=== EXTRACTED INFORMATION ===

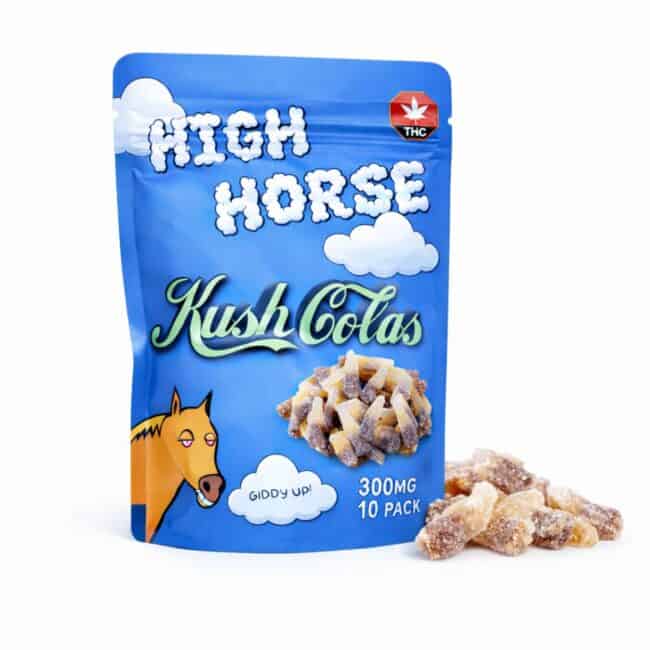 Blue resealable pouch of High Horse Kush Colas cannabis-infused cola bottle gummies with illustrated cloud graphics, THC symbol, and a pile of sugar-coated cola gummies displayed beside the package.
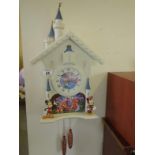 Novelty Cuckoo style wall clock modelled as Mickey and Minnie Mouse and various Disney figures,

===
=== EXTRACTED INFORMATION ===

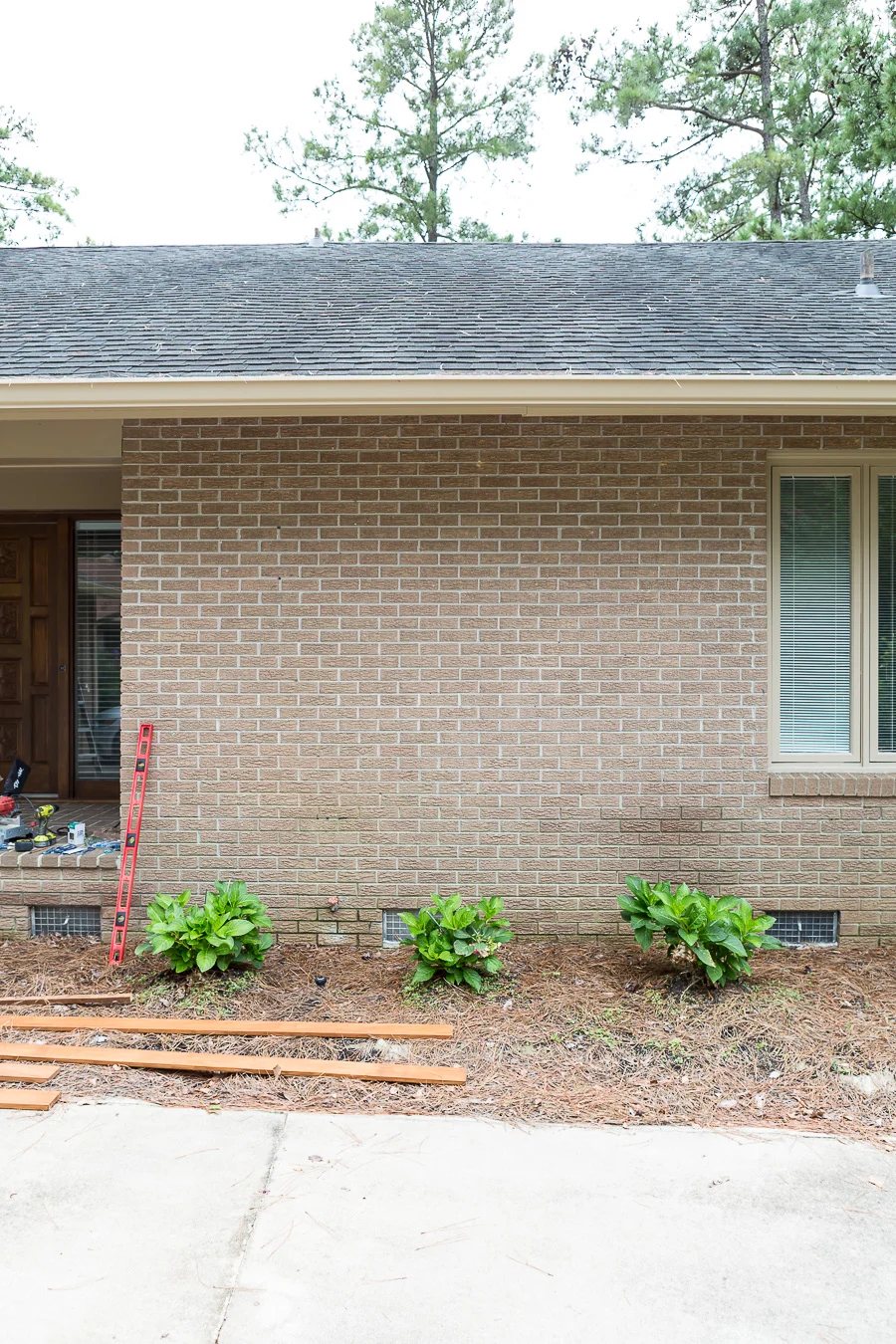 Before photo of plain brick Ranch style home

===

▸ YOUR OBJECTIVE:
Working from the records above, set down word for word everything from the line containing "Blue resealable pouch" down to the line containing "Novelty Cuckoo style", ends included, minus the pictures.

▸ TASK RESULT:
 Blue resealable pouch of High Horse Kush Colas cannabis-infused cola bottle gummies with illustrated cloud graphics, THC symbol, and a pile of sugar-coated cola gummies displayed beside the package.
 Novelty Cuckoo style wall clock modelled as Mickey and Minnie Mouse and various Disney figures,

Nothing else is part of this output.